WHAT THIS TASK INVOLVES
Below is a listing to transcribe in full and exactly; keep the pictures out.

DATASET SECTION
------------------------------------

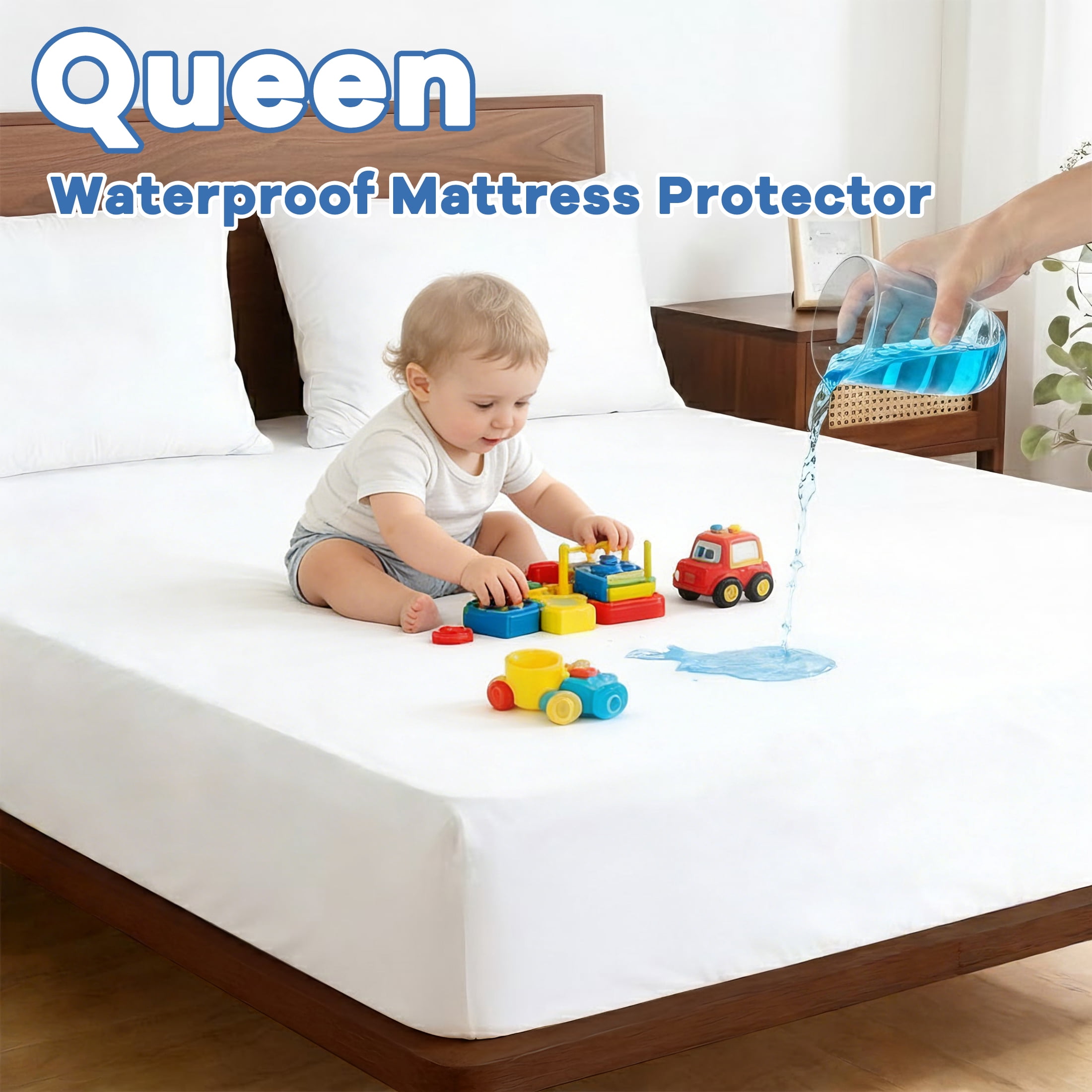 CISILOV Queen Size Waterproof Mattress Protector, Soft Microfiber Noiseless Waterproof Mattress Cover, Deep Pocket Fits 2-10 Inch Mattress, Hypoallergenic Bed Mattress Protector for Kids Pets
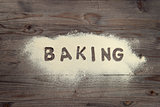 Word baking written in white flour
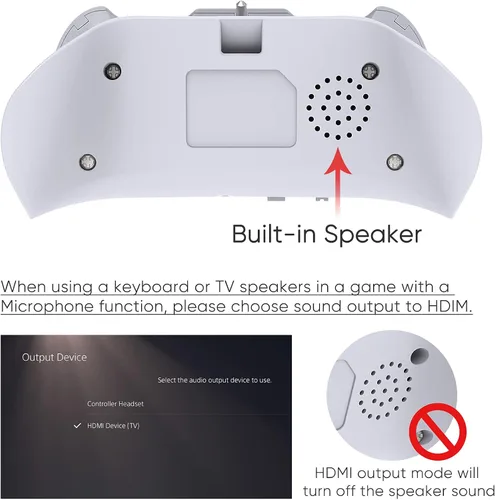 Vista 6 de Teclado de control inalámbrico para PS5, Bluetooth 3.0 Mini Gamepad portátil Chatpad con altavoz integrado y conector de audio de 0.138in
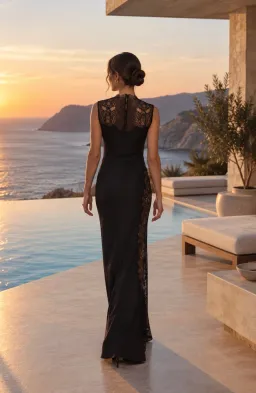 SHONA JOY JAMILA LACE HIGH NECK MAXI DRESS BLACK SIZE 8 for rent on The Volte - image 6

------------------------------------

PROBLEM SOLUTION
 CISILOV Queen Size Waterproof Mattress Protector, Soft Microfiber Noiseless Waterproof Mattress Cover, Deep Pocket Fits 2-10 Inch Mattress, Hypoallergenic Bed Mattress Protector for Kids Pets
 Word baking written in white flour
 Vista 6 de Teclado de control inalámbrico para PS5, Bluetooth 3.0 Mini Gamepad portátil Chatpad con altavoz integrado y conector de audio de 0.138in
 SHONA JOY JAMILA LACE HIGH NECK MAXI DRESS BLACK SIZE 8 for rent on The Volte - image 6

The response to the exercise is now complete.